→ **EXERCISE AIM**:
Here the job is to retype the data word for word while leaving the pictures aside.

→ **INFORMATION PROVIDED**:
########

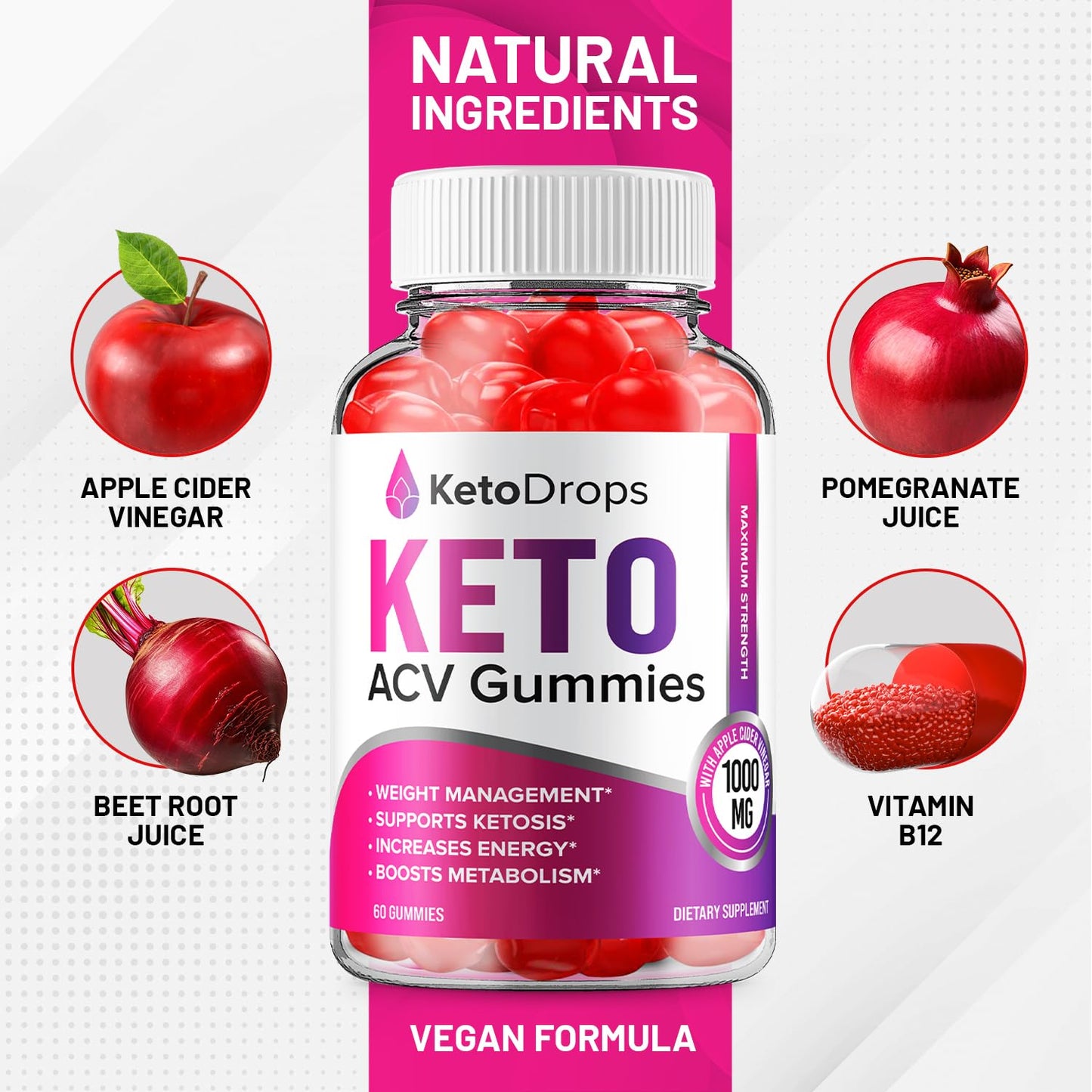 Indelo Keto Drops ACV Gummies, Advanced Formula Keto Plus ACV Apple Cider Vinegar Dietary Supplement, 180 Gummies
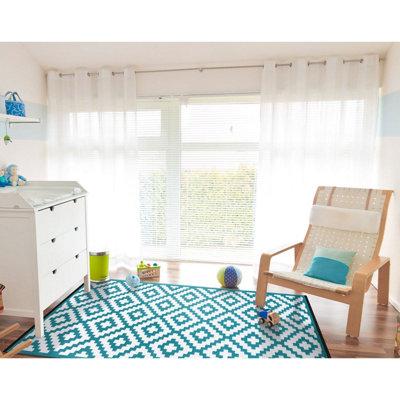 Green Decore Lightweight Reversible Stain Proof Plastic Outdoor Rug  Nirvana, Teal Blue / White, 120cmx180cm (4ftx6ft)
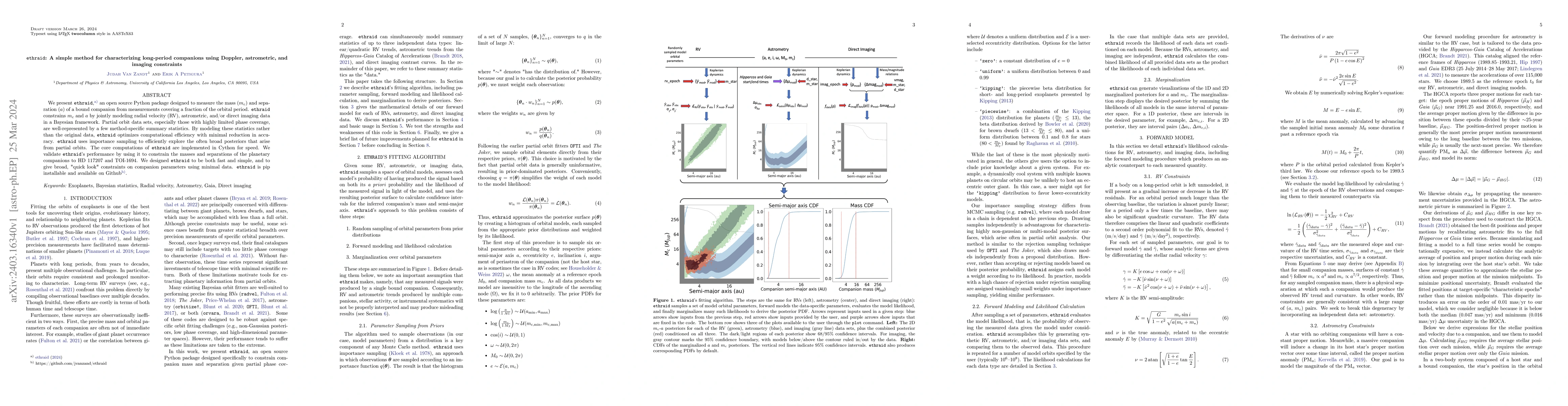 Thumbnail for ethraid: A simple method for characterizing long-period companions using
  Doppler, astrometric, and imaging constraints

########

→ **SOLUTION TO THE EXERCISE**:
 Indelo Keto Drops ACV Gummies, Advanced Formula Keto Plus ACV Apple Cider Vinegar Dietary Supplement, 180 Gummies
 Green Decore Lightweight Reversible Stain Proof Plastic Outdoor Rug  Nirvana, Teal Blue / White, 120cmx180cm (4ftx6ft)
 Thumbnail for ethraid: A simple method for characterizing long-period companions using
  Doppler, astrometric, and imaging constraints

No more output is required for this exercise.